BEGIN

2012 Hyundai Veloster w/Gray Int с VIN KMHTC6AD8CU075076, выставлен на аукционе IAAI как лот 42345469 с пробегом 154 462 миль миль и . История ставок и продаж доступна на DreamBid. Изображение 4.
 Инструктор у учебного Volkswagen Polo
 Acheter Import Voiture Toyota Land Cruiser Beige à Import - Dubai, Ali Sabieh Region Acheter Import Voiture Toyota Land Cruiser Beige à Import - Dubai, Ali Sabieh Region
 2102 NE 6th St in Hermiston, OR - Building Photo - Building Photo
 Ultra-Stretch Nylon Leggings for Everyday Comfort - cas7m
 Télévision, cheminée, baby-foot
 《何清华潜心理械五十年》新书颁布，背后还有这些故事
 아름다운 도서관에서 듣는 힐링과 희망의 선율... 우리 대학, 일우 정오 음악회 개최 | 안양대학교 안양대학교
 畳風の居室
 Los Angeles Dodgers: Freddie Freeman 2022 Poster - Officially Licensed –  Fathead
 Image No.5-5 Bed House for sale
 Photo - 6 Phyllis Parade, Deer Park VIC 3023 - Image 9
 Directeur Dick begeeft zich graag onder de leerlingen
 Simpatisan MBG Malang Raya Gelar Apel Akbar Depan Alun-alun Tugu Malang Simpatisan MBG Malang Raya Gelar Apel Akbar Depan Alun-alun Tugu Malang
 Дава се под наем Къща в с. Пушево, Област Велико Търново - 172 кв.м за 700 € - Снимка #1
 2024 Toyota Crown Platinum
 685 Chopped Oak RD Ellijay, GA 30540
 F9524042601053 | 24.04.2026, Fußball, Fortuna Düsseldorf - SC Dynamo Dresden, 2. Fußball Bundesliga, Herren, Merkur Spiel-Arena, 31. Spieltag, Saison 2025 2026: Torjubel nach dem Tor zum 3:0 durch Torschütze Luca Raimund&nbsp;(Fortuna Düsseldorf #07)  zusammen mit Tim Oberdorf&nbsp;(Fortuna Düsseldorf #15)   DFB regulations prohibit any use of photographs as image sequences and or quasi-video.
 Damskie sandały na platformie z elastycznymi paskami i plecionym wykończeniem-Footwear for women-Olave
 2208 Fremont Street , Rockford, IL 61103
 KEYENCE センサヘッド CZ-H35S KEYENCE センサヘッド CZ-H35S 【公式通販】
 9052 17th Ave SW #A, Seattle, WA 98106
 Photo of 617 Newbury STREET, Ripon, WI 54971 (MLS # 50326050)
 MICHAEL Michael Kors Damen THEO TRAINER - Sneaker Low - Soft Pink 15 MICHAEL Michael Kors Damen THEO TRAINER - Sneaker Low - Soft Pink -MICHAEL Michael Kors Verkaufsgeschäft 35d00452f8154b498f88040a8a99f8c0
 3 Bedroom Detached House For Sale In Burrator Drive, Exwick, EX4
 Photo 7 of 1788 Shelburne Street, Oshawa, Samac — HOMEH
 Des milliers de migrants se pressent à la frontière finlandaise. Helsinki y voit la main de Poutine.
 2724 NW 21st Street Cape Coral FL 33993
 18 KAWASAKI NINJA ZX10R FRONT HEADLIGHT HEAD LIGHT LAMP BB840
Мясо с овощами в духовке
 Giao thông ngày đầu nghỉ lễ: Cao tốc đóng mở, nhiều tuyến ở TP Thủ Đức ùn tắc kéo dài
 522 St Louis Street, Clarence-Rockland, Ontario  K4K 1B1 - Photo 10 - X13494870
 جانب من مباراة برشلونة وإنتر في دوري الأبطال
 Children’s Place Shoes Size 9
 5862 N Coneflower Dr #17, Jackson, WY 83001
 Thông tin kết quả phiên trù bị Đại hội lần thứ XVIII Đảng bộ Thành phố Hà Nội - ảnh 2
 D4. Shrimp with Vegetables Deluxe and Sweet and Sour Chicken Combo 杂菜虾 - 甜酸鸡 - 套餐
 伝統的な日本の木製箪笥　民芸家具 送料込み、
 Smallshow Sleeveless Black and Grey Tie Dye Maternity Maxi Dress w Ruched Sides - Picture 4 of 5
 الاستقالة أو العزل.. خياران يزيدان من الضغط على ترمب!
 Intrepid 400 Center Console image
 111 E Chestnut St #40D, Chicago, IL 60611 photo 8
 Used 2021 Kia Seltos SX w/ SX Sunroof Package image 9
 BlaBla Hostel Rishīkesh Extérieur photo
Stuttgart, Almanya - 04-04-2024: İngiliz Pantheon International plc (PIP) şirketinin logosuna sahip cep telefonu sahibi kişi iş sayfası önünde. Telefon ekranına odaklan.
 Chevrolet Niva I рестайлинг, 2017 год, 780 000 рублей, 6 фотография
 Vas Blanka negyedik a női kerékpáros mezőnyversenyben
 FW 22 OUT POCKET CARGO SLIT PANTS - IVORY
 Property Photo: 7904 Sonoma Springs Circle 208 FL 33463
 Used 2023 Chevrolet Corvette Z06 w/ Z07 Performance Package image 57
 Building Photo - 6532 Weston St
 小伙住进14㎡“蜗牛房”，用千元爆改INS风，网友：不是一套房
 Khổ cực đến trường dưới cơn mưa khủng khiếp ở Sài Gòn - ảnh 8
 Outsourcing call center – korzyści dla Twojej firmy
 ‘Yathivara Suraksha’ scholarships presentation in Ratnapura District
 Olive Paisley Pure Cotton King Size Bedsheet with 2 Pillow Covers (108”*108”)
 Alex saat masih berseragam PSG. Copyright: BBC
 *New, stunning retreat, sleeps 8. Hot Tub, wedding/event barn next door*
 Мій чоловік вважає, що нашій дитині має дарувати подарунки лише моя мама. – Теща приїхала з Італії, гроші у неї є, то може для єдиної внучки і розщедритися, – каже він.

END

- _Required work_: Retype all of the entries exactly, please.

- _Reply to the exercise_:
2012 Hyundai Veloster w/Gray Int с VIN KMHTC6AD8CU075076, выставлен на аукционе IAAI как лот 42345469 с пробегом 154 462 миль миль и . История ставок и продаж доступна на DreamBid. Изображение 4.
 Инструктор у учебного Volkswagen Polo
 Acheter Import Voiture Toyota Land Cruiser Beige à Import - Dubai, Ali Sabieh Region Acheter Import Voiture Toyota Land Cruiser Beige à Import - Dubai, Ali Sabieh Region
 2102 NE 6th St in Hermiston, OR - Building Photo - Building Photo
 Ultra-Stretch Nylon Leggings for Everyday Comfort - cas7m
 Télévision, cheminée, baby-foot
 《何清华潜心理械五十年》新书颁布，背后还有这些故事
 아름다운 도서관에서 듣는 힐링과 희망의 선율... 우리 대학, 일우 정오 음악회 개최 | 안양대학교 안양대학교
 畳風の居室
 Los Angeles Dodgers: Freddie Freeman 2022 Poster - Officially Licensed –  Fathead
 Image No.5-5 Bed House for sale
 Photo - 6 Phyllis Parade, Deer Park VIC 3023 - Image 9
 Directeur Dick begeeft zich graag onder de leerlingen
 Simpatisan MBG Malang Raya Gelar Apel Akbar Depan Alun-alun Tugu Malang Simpatisan MBG Malang Raya Gelar Apel Akbar Depan Alun-alun Tugu Malang
 Дава се под наем Къща в с. Пушево, Област Велико Търново - 172 кв.м за 700 € - Снимка #1
 2024 Toyota Crown Platinum
 685 Chopped Oak RD Ellijay, GA 30540
 F9524042601053 | 24.04.2026, Fußball, Fortuna Düsseldorf - SC Dynamo Dresden, 2. Fußball Bundesliga, Herren, Merkur Spiel-Arena, 31. Spieltag, Saison 2025 2026: Torjubel nach dem Tor zum 3:0 durch Torschütze Luca Raimund&nbsp;(Fortuna Düsseldorf #07)  zusammen mit Tim Oberdorf&nbsp;(Fortuna Düsseldorf #15)   DFB regulations prohibit any use of photographs as image sequences and or quasi-video.
 Damskie sandały na platformie z elastycznymi paskami i plecionym wykończeniem-Footwear for women-Olave
 2208 Fremont Street , Rockford, IL 61103
 KEYENCE センサヘッド CZ-H35S KEYENCE センサヘッド CZ-H35S 【公式通販】
 9052 17th Ave SW #A, Seattle, WA 98106
 Photo of 617 Newbury STREET, Ripon, WI 54971 (MLS # 50326050)
 MICHAEL Michael Kors Damen THEO TRAINER - Sneaker Low - Soft Pink 15 MICHAEL Michael Kors Damen THEO TRAINER - Sneaker Low - Soft Pink -MICHAEL Michael Kors Verkaufsgeschäft 35d00452f8154b498f88040a8a99f8c0
 3 Bedroom Detached House For Sale In Burrator Drive, Exwick, EX4
 Photo 7 of 1788 Shelburne Street, Oshawa, Samac — HOMEH
 Des milliers de migrants se pressent à la frontière finlandaise. Helsinki y voit la main de Poutine.
 2724 NW 21st Street Cape Coral FL 33993
 18 KAWASAKI NINJA ZX10R FRONT HEADLIGHT HEAD LIGHT LAMP BB840
Мясо с овощами в духовке
 Giao thông ngày đầu nghỉ lễ: Cao tốc đóng mở, nhiều tuyến ở TP Thủ Đức ùn tắc kéo dài
 522 St Louis Street, Clarence-Rockland, Ontario  K4K 1B1 - Photo 10 - X13494870
 جانب من مباراة برشلونة وإنتر في دوري الأبطال
 Children’s Place Shoes Size 9
 5862 N Coneflower Dr #17, Jackson, WY 83001
 Thông tin kết quả phiên trù bị Đại hội lần thứ XVIII Đảng bộ Thành phố Hà Nội - ảnh 2
 D4. Shrimp with Vegetables Deluxe and Sweet and Sour Chicken Combo 杂菜虾 - 甜酸鸡 - 套餐
 伝統的な日本の木製箪笥　民芸家具 送料込み、
 Smallshow Sleeveless Black and Grey Tie Dye Maternity Maxi Dress w Ruched Sides - Picture 4 of 5
 الاستقالة أو العزل.. خياران يزيدان من الضغط على ترمب!
 Intrepid 400 Center Console image
 111 E Chestnut St #40D, Chicago, IL 60611 photo 8
 Used 2021 Kia Seltos SX w/ SX Sunroof Package image 9
 BlaBla Hostel Rishīkesh Extérieur photo
Stuttgart, Almanya - 04-04-2024: İngiliz Pantheon International plc (PIP) şirketinin logosuna sahip cep telefonu sahibi kişi iş sayfası önünde. Telefon ekranına odaklan.
 Chevrolet Niva I рестайлинг, 2017 год, 780 000 рублей, 6 фотография
 Vas Blanka negyedik a női kerékpáros mezőnyversenyben
 FW 22 OUT POCKET CARGO SLIT PANTS - IVORY
 Property Photo: 7904 Sonoma Springs Circle 208 FL 33463
 Used 2023 Chevrolet Corvette Z06 w/ Z07 Performance Package image 57
 Building Photo - 6532 Weston St
 小伙住进14㎡“蜗牛房”，用千元爆改INS风，网友：不是一套房
 Khổ cực đến trường dưới cơn mưa khủng khiếp ở Sài Gòn - ảnh 8
 Outsourcing call center – korzyści dla Twojej firmy
 ‘Yathivara Suraksha’ scholarships presentation in Ratnapura District
 Olive Paisley Pure Cotton King Size Bedsheet with 2 Pillow Covers (108”*108”)
 Alex saat masih berseragam PSG. Copyright: BBC
 *New, stunning retreat, sleeps 8. Hot Tub, wedding/event barn next door*
 Мій чоловік вважає, що нашій дитині має дарувати подарунки лише моя мама. – Теща приїхала з Італії, гроші у неї є, то може для єдиної внучки і розщедритися, – каже він.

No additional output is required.